-- MATERIAL SHOWN follows --

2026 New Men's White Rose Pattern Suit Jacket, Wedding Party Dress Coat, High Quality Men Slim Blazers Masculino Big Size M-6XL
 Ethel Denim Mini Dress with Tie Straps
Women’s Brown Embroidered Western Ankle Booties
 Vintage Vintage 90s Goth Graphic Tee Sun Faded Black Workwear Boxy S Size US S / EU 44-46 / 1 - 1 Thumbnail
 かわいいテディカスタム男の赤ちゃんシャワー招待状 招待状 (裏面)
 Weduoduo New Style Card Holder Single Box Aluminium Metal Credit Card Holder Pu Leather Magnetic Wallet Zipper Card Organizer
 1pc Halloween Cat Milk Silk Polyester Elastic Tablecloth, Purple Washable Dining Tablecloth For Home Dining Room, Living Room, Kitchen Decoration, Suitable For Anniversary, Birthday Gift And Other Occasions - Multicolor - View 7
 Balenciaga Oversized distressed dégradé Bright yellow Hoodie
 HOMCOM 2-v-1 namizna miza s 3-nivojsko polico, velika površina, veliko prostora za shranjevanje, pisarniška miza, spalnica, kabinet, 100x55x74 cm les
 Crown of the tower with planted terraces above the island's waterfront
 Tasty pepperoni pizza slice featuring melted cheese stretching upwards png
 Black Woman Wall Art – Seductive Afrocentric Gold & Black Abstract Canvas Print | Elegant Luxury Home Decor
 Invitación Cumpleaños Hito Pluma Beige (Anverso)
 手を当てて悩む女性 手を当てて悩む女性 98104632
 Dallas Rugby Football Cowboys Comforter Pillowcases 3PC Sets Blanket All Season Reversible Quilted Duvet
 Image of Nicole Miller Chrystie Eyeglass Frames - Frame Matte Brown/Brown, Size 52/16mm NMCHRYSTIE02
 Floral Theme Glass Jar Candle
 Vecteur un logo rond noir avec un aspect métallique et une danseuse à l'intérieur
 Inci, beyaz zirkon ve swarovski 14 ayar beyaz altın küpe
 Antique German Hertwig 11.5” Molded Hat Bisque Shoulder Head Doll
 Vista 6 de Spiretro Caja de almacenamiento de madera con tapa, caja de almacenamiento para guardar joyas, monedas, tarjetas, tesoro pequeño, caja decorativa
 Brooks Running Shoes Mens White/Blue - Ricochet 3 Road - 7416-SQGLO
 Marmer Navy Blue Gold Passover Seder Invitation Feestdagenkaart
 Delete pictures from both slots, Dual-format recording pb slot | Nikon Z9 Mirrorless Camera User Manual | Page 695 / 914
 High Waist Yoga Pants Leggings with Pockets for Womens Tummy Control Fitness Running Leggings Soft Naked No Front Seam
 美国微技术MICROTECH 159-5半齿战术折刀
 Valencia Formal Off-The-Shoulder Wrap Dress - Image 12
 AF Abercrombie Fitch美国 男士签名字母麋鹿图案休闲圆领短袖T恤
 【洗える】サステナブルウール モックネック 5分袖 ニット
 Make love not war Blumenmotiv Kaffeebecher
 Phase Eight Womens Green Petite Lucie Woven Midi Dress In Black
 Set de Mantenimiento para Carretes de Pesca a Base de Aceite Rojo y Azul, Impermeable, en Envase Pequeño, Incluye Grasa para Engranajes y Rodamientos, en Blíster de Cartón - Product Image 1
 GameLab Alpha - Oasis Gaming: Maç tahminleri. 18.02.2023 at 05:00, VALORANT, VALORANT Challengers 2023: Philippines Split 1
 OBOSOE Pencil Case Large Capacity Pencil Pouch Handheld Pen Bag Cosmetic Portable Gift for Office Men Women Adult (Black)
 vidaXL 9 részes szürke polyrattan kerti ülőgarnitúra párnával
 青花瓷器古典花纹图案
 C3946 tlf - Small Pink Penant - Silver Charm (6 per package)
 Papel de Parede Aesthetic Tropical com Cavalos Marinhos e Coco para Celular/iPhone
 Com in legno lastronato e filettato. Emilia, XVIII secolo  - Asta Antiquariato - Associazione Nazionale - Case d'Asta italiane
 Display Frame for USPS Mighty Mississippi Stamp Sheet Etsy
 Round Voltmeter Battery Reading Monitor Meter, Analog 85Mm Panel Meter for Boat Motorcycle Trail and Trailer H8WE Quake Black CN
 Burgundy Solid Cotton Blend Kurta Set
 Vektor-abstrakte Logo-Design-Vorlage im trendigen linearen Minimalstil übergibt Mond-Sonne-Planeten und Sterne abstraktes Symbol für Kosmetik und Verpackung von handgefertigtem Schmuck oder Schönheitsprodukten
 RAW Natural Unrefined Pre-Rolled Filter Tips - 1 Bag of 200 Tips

-- MATERIAL SHOWN concluded --

§ PROBLEM DESCRIPTION
Go through the material above, and wherever a line contains the string "para", return it.

§ RESULT
 Vista 6 de Spiretro Caja de almacenamiento de madera con tapa, caja de almacenamiento para guardar joyas, monedas, tarjetas, tesoro pequeño, caja decorativa
 Set de Mantenimiento para Carretes de Pesca a Base de Aceite Rojo y Azul, Impermeable, en Envase Pequeño, Incluye Grasa para Engranajes y Rodamientos, en Blíster de Cartón - Product Image 1
 Papel de Parede Aesthetic Tropical com Cavalos Marinhos e Coco para Celular/iPhone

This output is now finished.